How can I help her? What could make her happy? Are there common SJ-hobbies she could try?


----------



## Tula13 (Dec 2, 2012)

She definitely sounds like an ISFJ. ISFJs love to feel appreciated but also needed, and have a tendency to fall into a comfortable routine and stay there. 

See if there's a charity or something that needs extra volunteers. See if they need extra Sunday school teachers or people to help organize things at the soup kitchen or people to help teach English to immigrants. Also, do all you can to be there for her, which it sounds like you are. Tell her you want to help her out, and she may need a push to try new things.


----------



## Promethea (Aug 24, 2009)

This is just a possibility here, but, It sounds to me like she feels like her life has no real purpose or meaning, and so shes trying to fill it with mundane duties to give her a sense of purpose. 

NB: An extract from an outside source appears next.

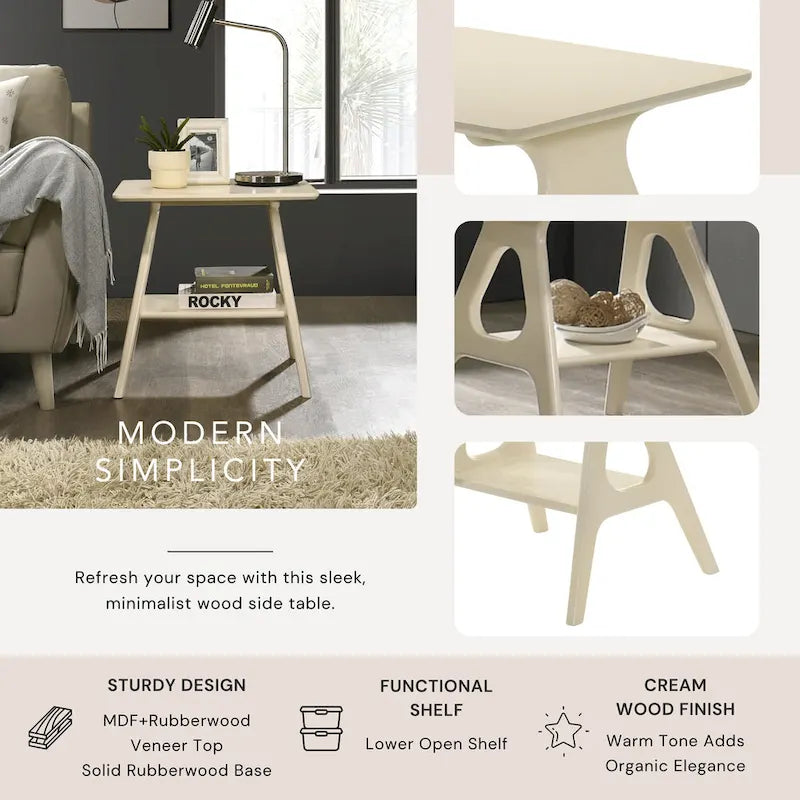 Set da 3 tavolini da caffè in legno Arona di Roundhill Furniture, stile moderno di metà secolo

I don't think she feels fulfilled. 

It might be hard to try to shake her out of this though because all of these mundane habits are are comfortable illusion of having a purpose. Some people turn to drinking, shes turned to this unshakable routine of meaningless habits. 

Does she perhaps want to go back to school? Find a career? I see this in housewives a lot.. they have spent so much time making everyone else happy that one day they realize the aren't needed as much as they were at some point, and they feel like their lives are meaningless. She needs something thats hers.. something to empower her, that can make her feel like she has an identity and purpose beyond house-frau. 

Get her talking about dreams and aspirations.. this may be hard, and she may shy away from the conversation at first, but there must be something she thinks about doing from time to time for herself. 

Redecorating and putting food on the table isn't going to make her feel good about herself. I think that it can to start out with - then years go by and the family doesn't show the appreciation they once did anymore because they take the mother figure for granted. She loses her sense of value. And making her feel more appreciated can help a little but thats not going to address her issue of not having a role or identity of her own.


----------



## See Above (Oct 4, 2011)

Not that I know anything about anything, but, maybe ask her about her past. Ask her when she had the most fun. Ask her what was the scariest thing she ever did. Ask her who she thought her strangest relative was. Ask her what she thought she wanted to be when she grew up (and why). Ask her what the best family trip was. That sort of thing.

Listen. Watch her varying expressions and energy levels as she speaks- and what topics they are related to. Learn about her and how she was at her most fundamental stages. Look for patterns, ideas and extrapolations.

Just a random thought.


----------



## dream land fantasy (Sep 8, 2012)

they are too vert sensible people. i guess a sweet smile and warm hugh works best!


----------